Excerpts from a dataset

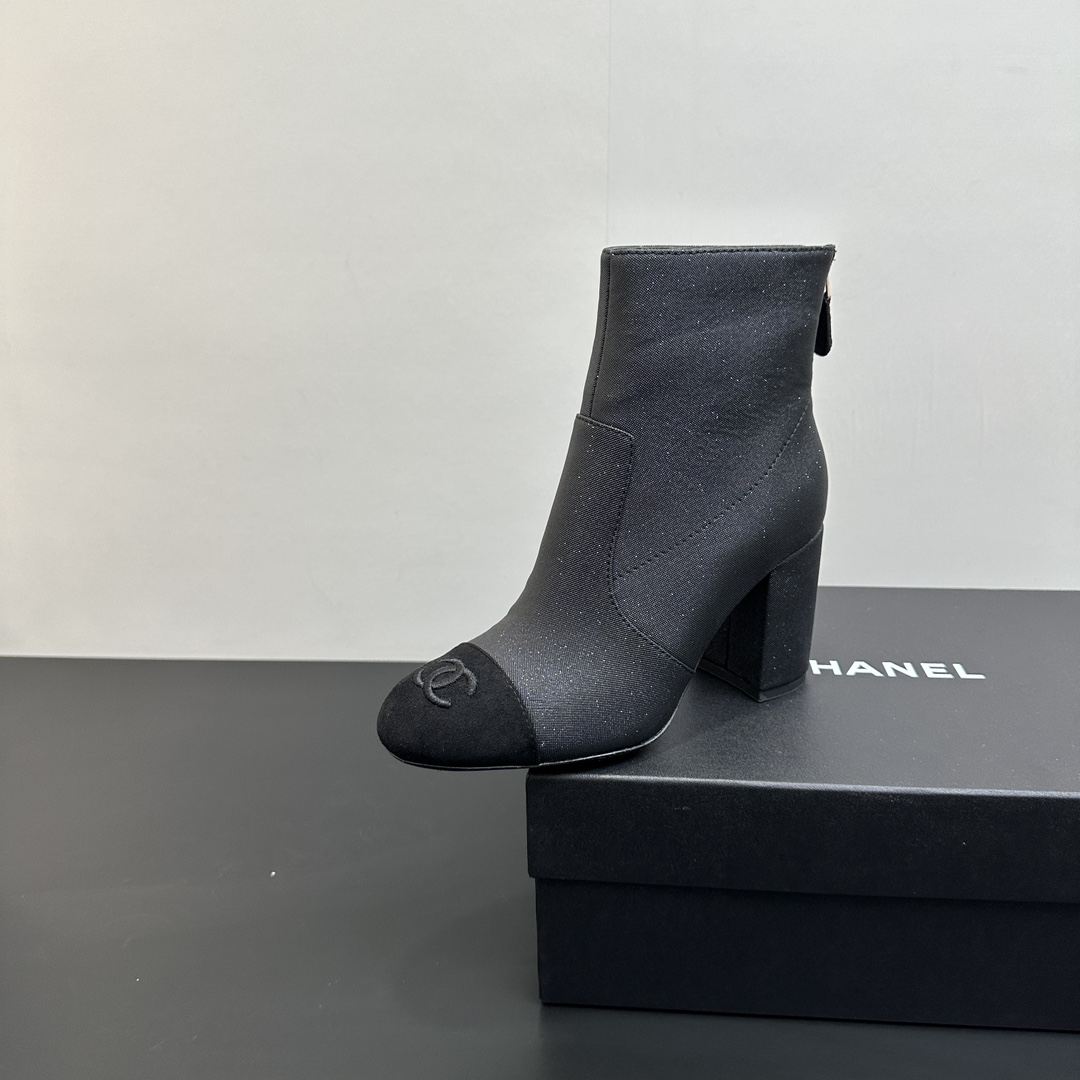 NO:481918,CHANEL Chanel classic color-blocking thick heel zippered boots This pair of boots cleverly combines the brand's iconic elements, breaking the convention with a bold and harmonious color-blocking design. The exquisite double C at the heel is low-key and luxurious, demonstrating the brand's heritage. Whether it is matched with a simple dress to show elegance or a combination with personalized jeans to create a casual and fashionable style, it can be easily controlled and injected into the overall look with high-end fashion. The fabric is made of original custom material, and the inner foot pads are all sheepskin. Italian imported leather soles size35-39 (customized by 40/41), boots, chanel, chanel, boots, skirts, jeans, sheepskin, Leather soles19860909CHANEL香奈儿小香经典拼色粗跟后拉链短靴 这双靴子巧妙融合品牌标志性元素 以大胆而和谐的拼色设计打破常规 鞋跟处精致的双C 低调奢华 彰显品牌底蕴 . 无论是搭配简约连衣裙展现优雅气质 还是与个性牛仔裤组合打造休闲时尚风 它都能轻松驾驭 为整体造型注入高级时尚感. 面料采用原版定制材质 内里垫脚均为羊皮 意大利进口真皮大底 size35-39（40/41定制）,靴子,chanel,chanel,boots,skirts,jeans,sheepskin,Leather soles,Women's Shoes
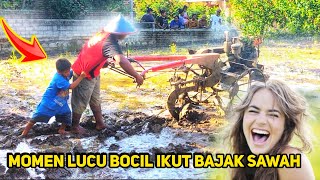 Momen lucu BOCIL ikut bajak sawah sama bapaknya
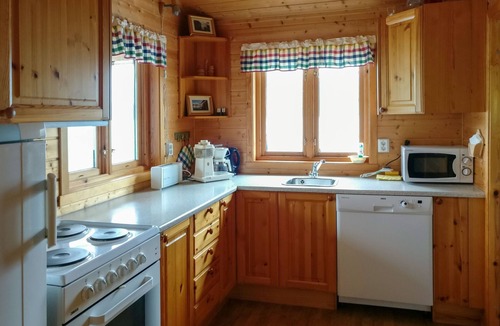 Hyllestad House | Vacation home Idun by Interhome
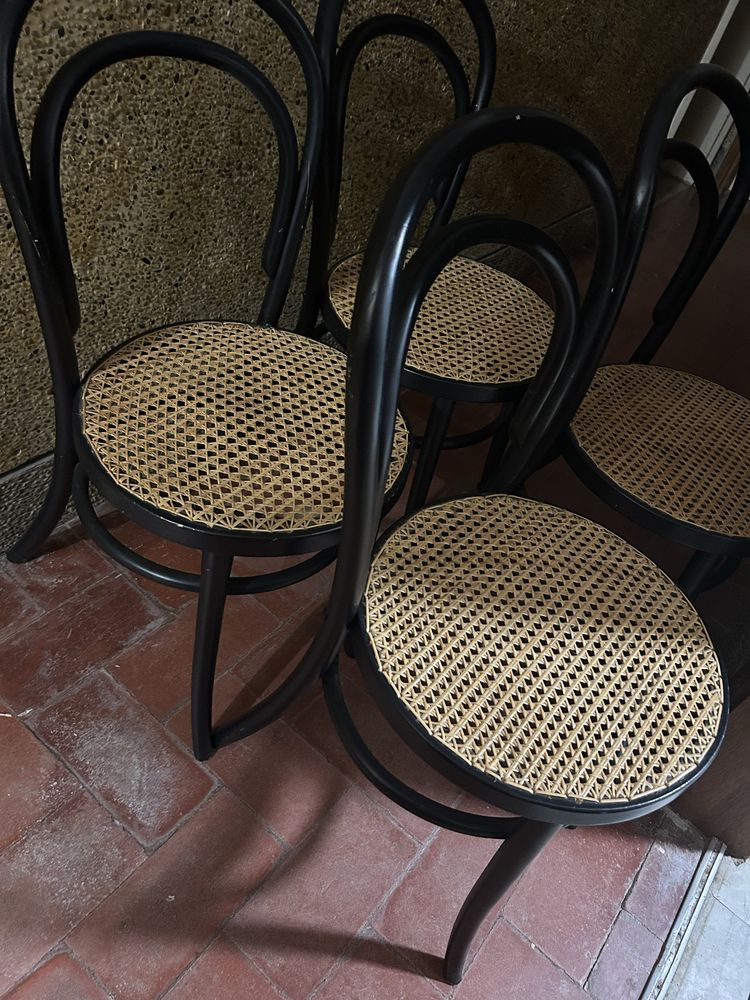 4 Cadeiras antigas Thonet com palhinha indiana nova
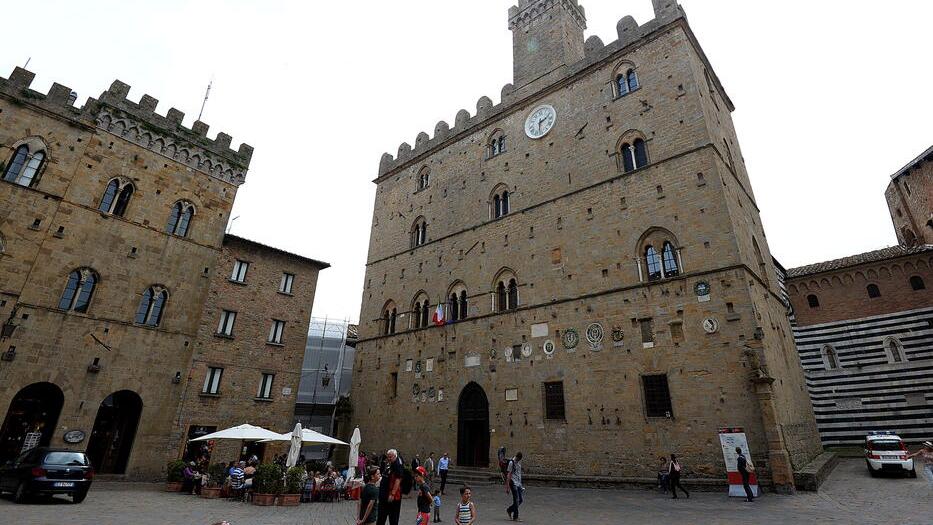 Volterra, il bilancio è in salute: ma ci sono da riscuotere 13 milioni di arretrati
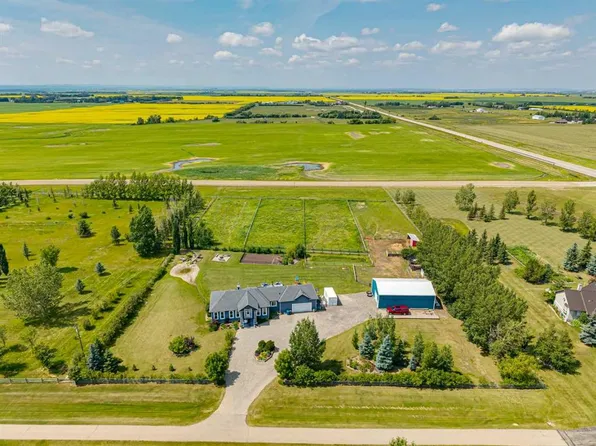 23 E Winters Pl, Rocky View County, AB T1X 0J1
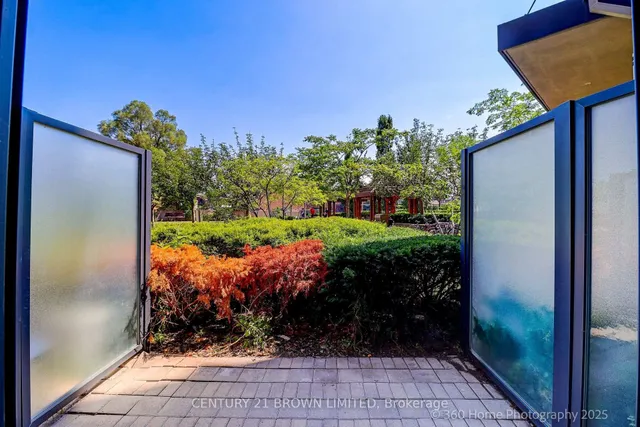 Additional image 16 of 60 Heintzman St Unit 112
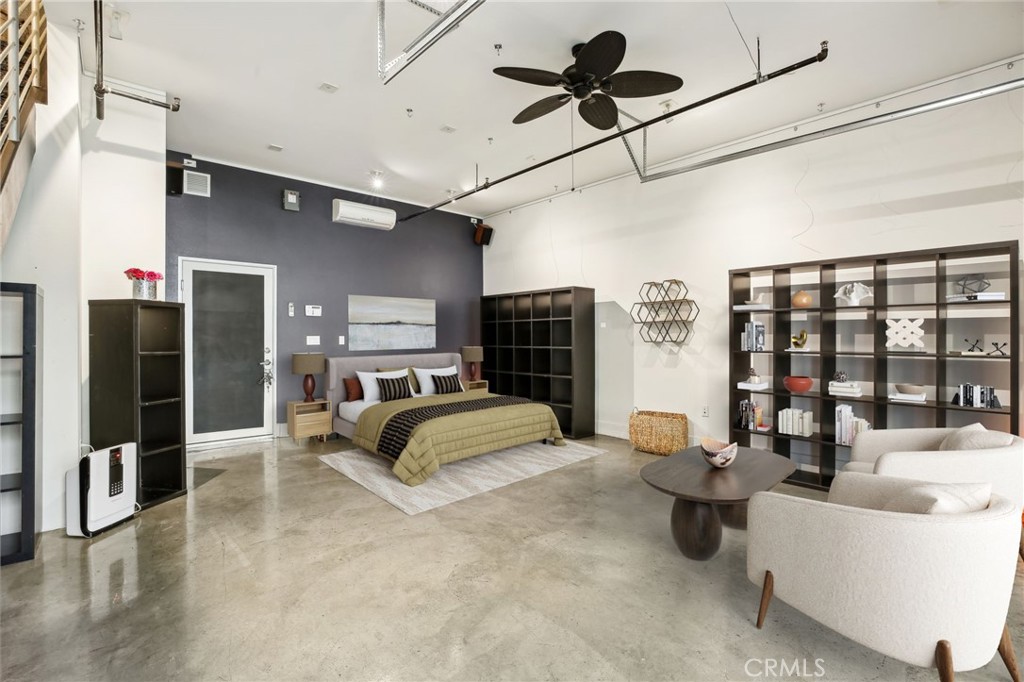 721 N Poinsettia Street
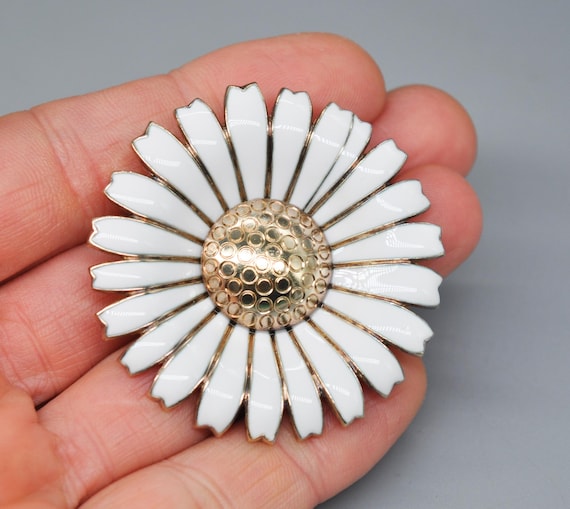 ジョージジェンセンのデイジーブローチ ジョージジェンセン デイジー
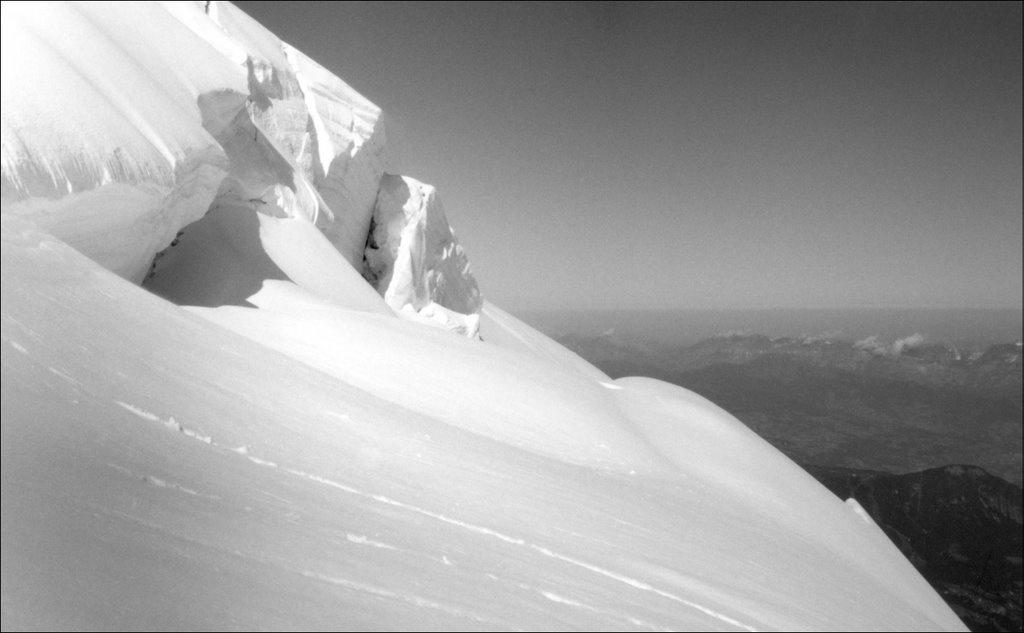 Dans la face nord du Mt-Blanc du Tacul 4248m by Jean-Pierre Girard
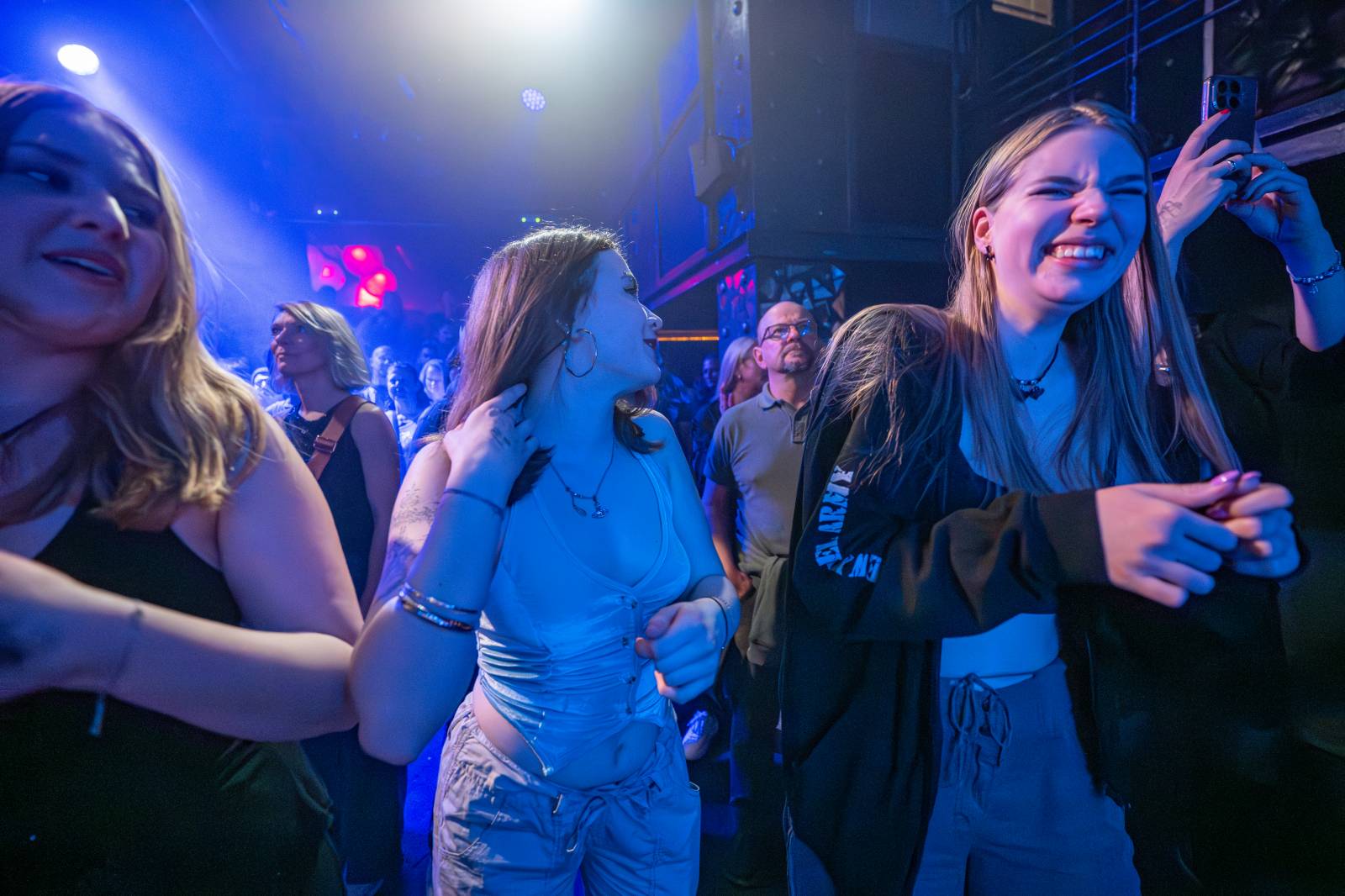 Kapela ADOVANY pokřtila nové album, v Radosti FX rozjela polštářovou bitvu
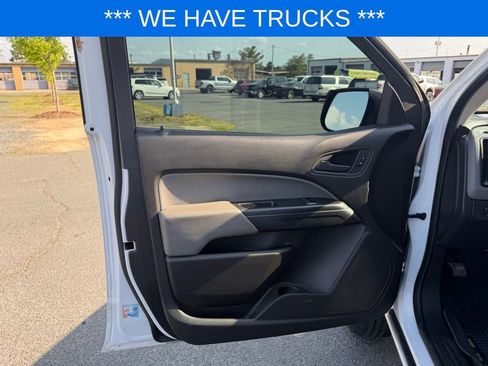 Used 2015 Chevrolet Colorado W/T w/ WT Convenience Package AWD/4WD image 11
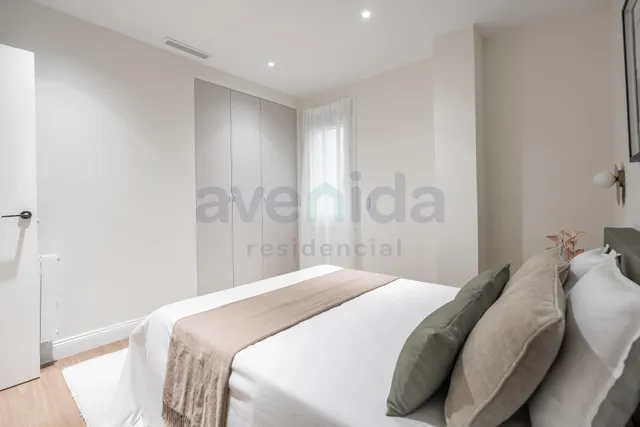 Exclusiva vivienda exterior en tercera planta — 26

# DIRECTIONS FOR THIS TASK
Print all of the entries word for word. Omit the pictures they contain.

# TASK SOLUTION
 NO:481918,CHANEL Chanel classic color-blocking thick heel zippered boots This pair of boots cleverly combines the brand's iconic elements, breaking the convention with a bold and harmonious color-blocking design. The exquisite double C at the heel is low-key and luxurious, demonstrating the brand's heritage. Whether it is matched with a simple dress to show elegance or a combination with personalized jeans to create a casual and fashionable style, it can be easily controlled and injected into the overall look with high-end fashion. The fabric is made of original custom material, and the inner foot pads are all sheepskin. Italian imported leather soles size35-39 (customized by 40/41), boots, chanel, chanel, boots, skirts, jeans, sheepskin, Leather soles19860909CHANEL香奈儿小香经典拼色粗跟后拉链短靴 这双靴子巧妙融合品牌标志性元素 以大胆而和谐的拼色设计打破常规 鞋跟处精致的双C 低调奢华 彰显品牌底蕴 . 无论是搭配简约连衣裙展现优雅气质 还是与个性牛仔裤组合打造休闲时尚风 它都能轻松驾驭 为整体造型注入高级时尚感. 面料采用原版定制材质 内里垫脚均为羊皮 意大利进口真皮大底 size35-39（40/41定制）,靴子,chanel,chanel,boots,skirts,jeans,sheepskin,Leather soles,Women's Shoes
 Momen lucu BOCIL ikut bajak sawah sama bapaknya
 Hyllestad House | Vacation home Idun by Interhome
 4 Cadeiras antigas Thonet com palhinha indiana nova
 Volterra, il bilancio è in salute: ma ci sono da riscuotere 13 milioni di arretrati
 23 E Winters Pl, Rocky View County, AB T1X 0J1
 Additional image 16 of 60 Heintzman St Unit 112
 721 N Poinsettia Street
 ジョージジェンセンのデイジーブローチ ジョージジェンセン デイジー
 Dans la face nord du Mt-Blanc du Tacul 4248m by Jean-Pierre Girard
 Kapela ADOVANY pokřtila nové album, v Radosti FX rozjela polštářovou bitvu
 Used 2015 Chevrolet Colorado W/T w/ WT Convenience Package AWD/4WD image 11
 Exclusiva vivienda exterior en tercera planta — 26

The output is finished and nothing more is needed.